*WHAT TO WORK ON*.
Please output the records below in full, exactly as given, but without the images.

*PROVIDED RECORDS*.
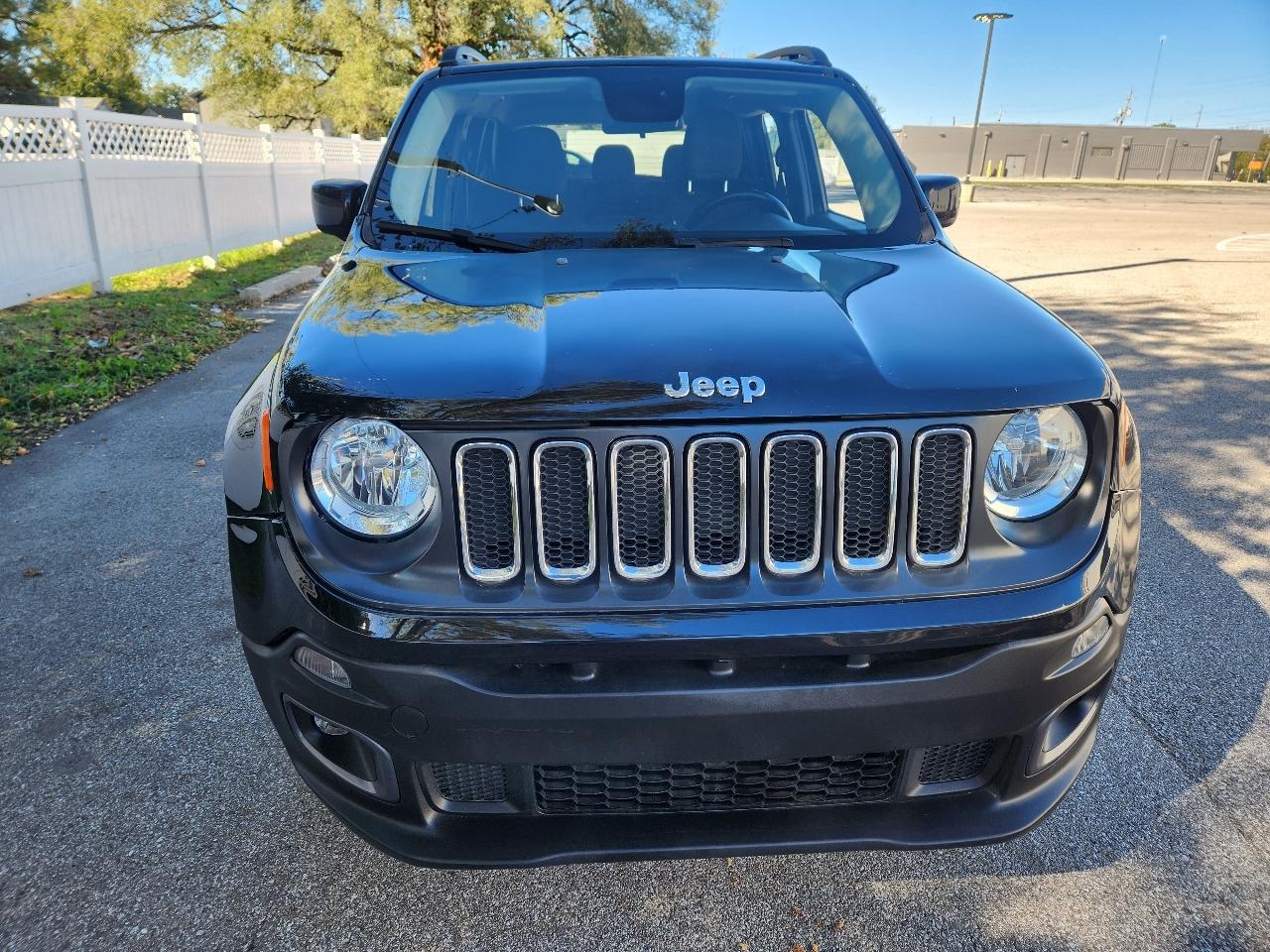 Jeep Renegade Latitude 4WD 2017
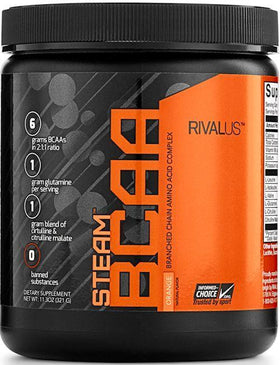 Rivalus BCAA Orange Steam Rivalus BCAA 30 servings
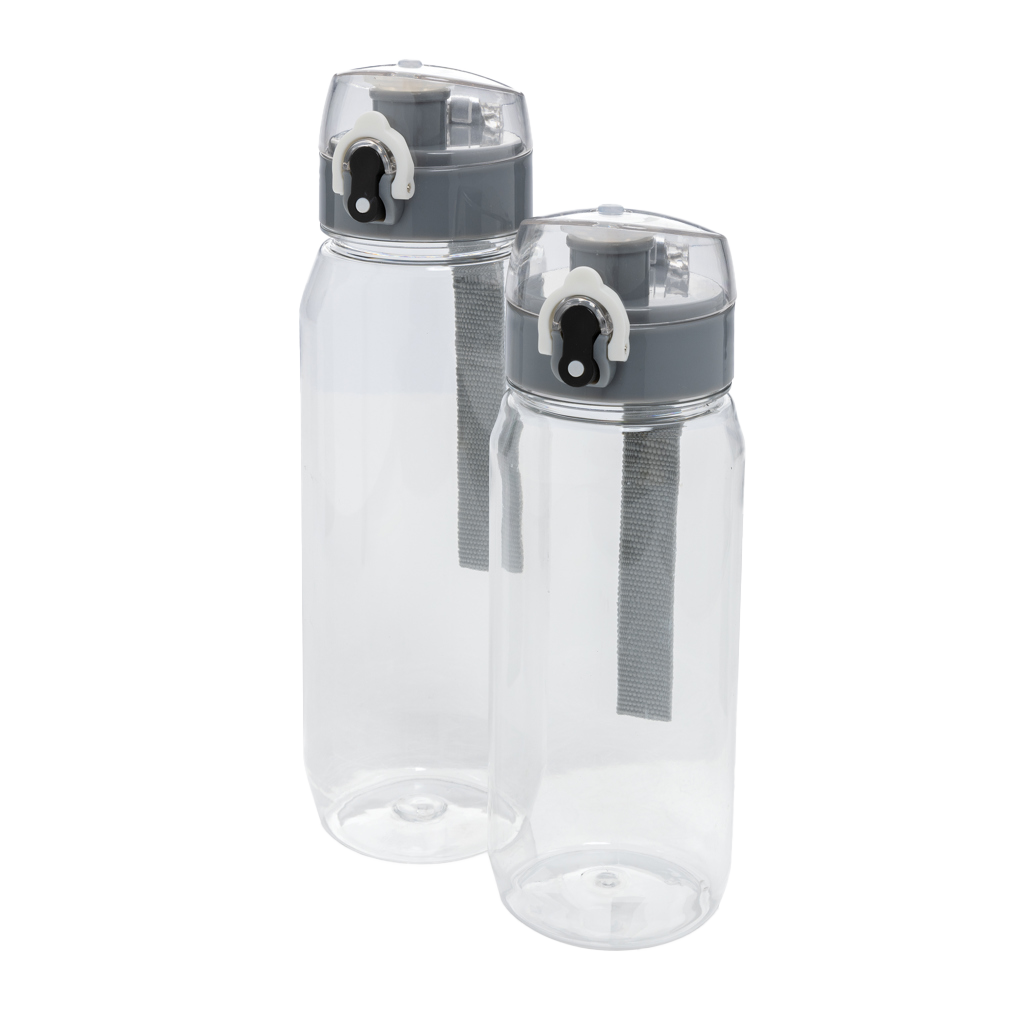 Yide RCS Recycled PET leakproof lockable waterbottle 600ml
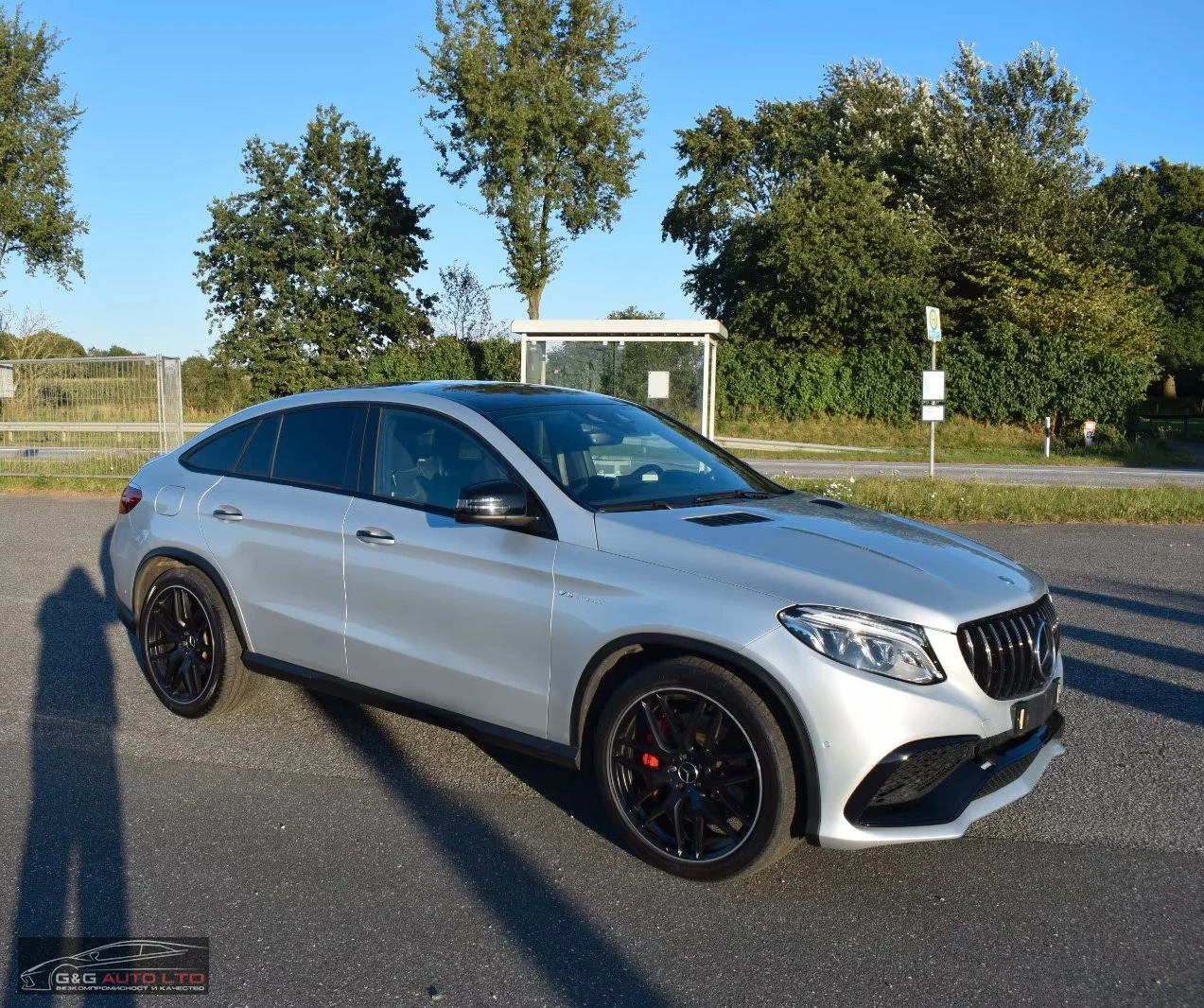 Mercedes-Benz GLE 63 S AMG COUPE/4M/585HP/AIRMATIC/PANORAMA/KLESS/AMBI/757f - изображение 3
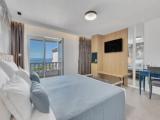 Standard Double room with balcony and with sea view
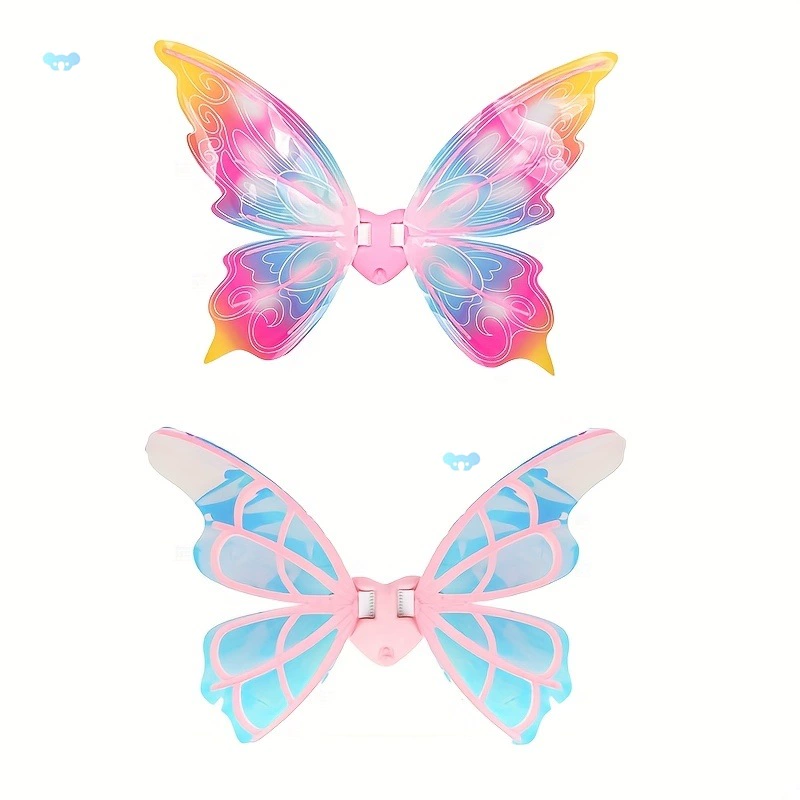 Светящиеся крылья феи с LED-подсветкой и музыкой для трансграничных продаж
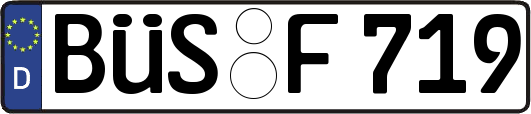 BÜS-F719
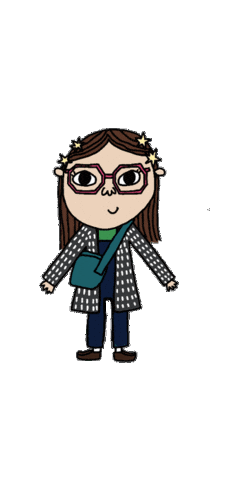 Fish Heather Sticker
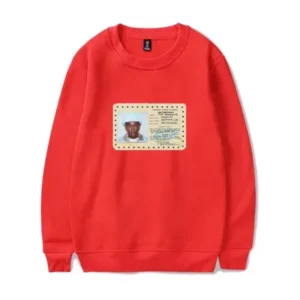 Call Me If You Get Lost Red Sweatshirt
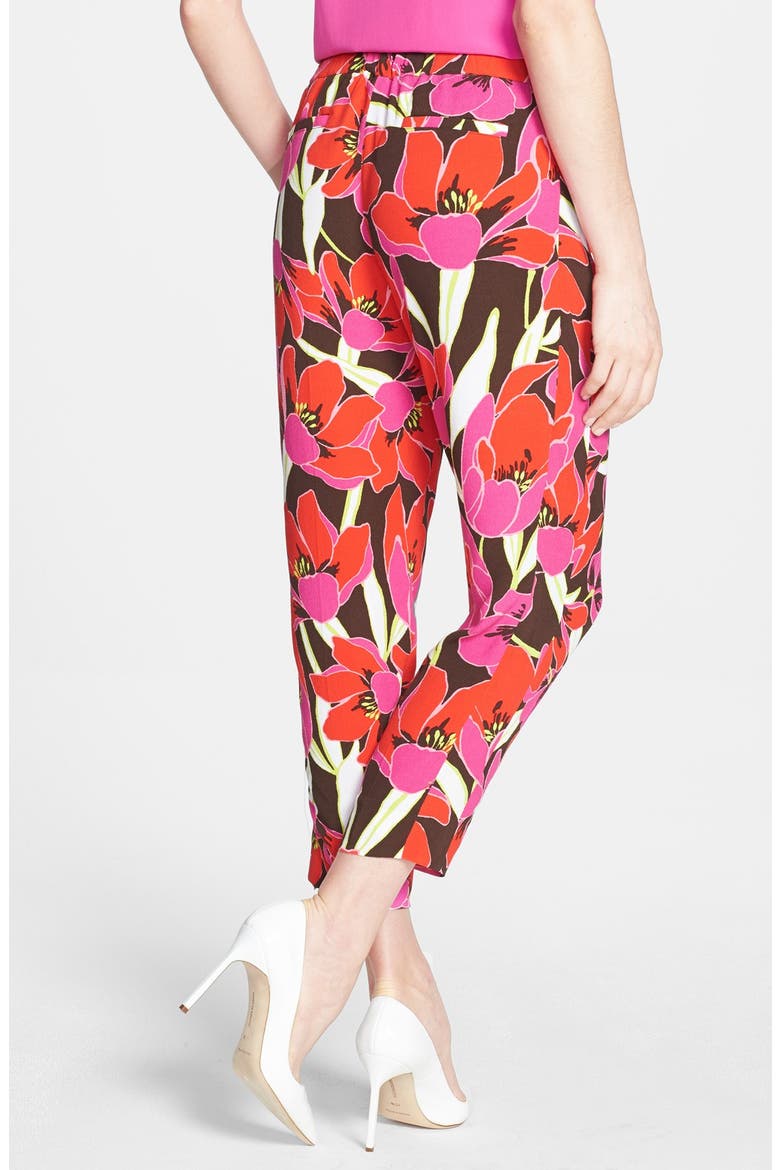 'hutton' tropical print lounge pants, Alternate, color, BGNVLA RIO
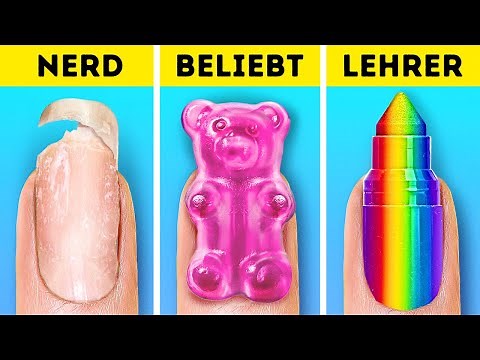 🌟BELIEBT VS. NERD SCHÜLER FÜR 24 STUNDEN!🤓 Lustige Lebenssituationen von 123GO!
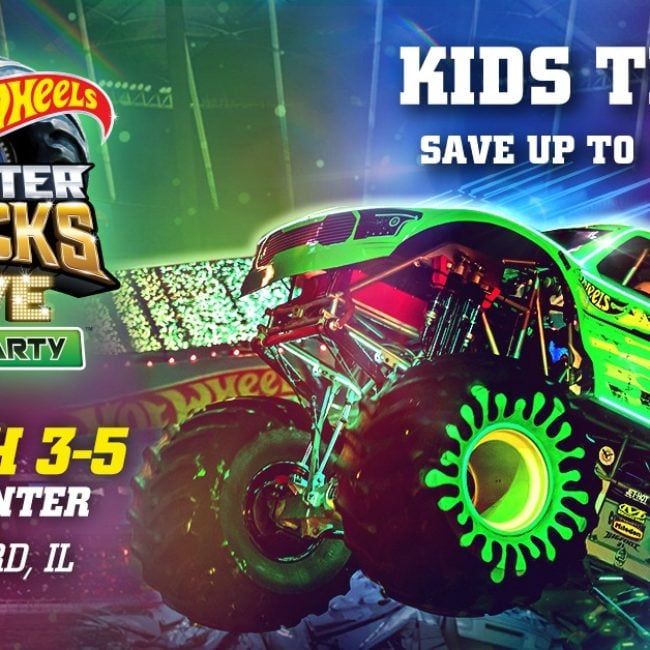 Hot Wheels Monster Trucks Live! @ BMO Center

*REPLY TO THE TASK*.
 Jeep Renegade Latitude 4WD 2017
 Rivalus BCAA Orange Steam Rivalus BCAA 30 servings
 Yide RCS Recycled PET leakproof lockable waterbottle 600ml
 Mercedes-Benz GLE 63 S AMG COUPE/4M/585HP/AIRMATIC/PANORAMA/KLESS/AMBI/757f - изображение 3
 Standard Double room with balcony and with sea view
 Светящиеся крылья феи с LED-подсветкой и музыкой для трансграничных продаж
 BÜS-F719
 Fish Heather Sticker
 Call Me If You Get Lost Red Sweatshirt
 'hutton' tropical print lounge pants, Alternate, color, BGNVLA RIO
 🌟BELIEBT VS. NERD SCHÜLER FÜR 24 STUNDEN!🤓 Lustige Lebenssituationen von 123GO!
 Hot Wheels Monster Trucks Live! @ BMO Center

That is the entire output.